> _Dataset extract_

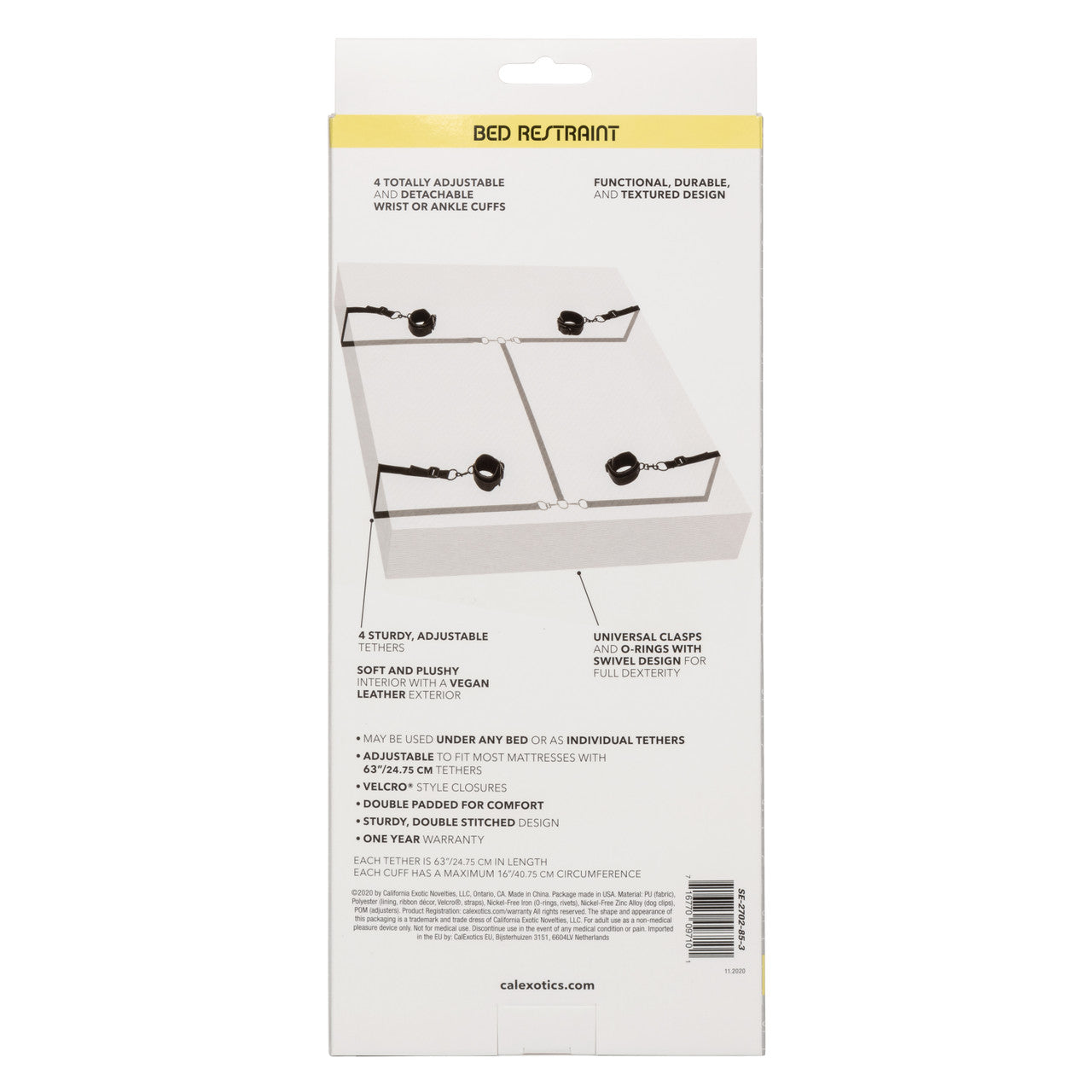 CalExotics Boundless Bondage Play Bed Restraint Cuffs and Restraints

--

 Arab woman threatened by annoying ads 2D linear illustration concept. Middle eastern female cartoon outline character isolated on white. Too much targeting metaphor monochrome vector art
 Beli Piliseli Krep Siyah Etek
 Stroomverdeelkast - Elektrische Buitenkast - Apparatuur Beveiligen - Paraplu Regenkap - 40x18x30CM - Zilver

* * *

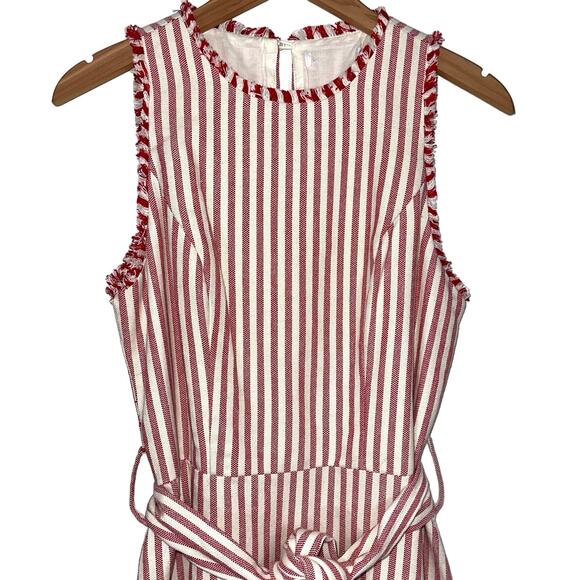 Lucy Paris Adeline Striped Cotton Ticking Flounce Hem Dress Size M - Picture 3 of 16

> _Task details_
Leave out every line above except those from the line with "Arab woman threatened" up to and including the line with "Stroomverdeelkast - Elektrische", and copy those exactly.

> _Answer_
 Arab woman threatened by annoying ads 2D linear illustration concept. Middle eastern female cartoon outline character isolated on white. Too much targeting metaphor monochrome vector art
 Beli Piliseli Krep Siyah Etek
 Stroomverdeelkast - Elektrische Buitenkast - Apparatuur Beveiligen - Paraplu Regenkap - 40x18x30CM - Zilver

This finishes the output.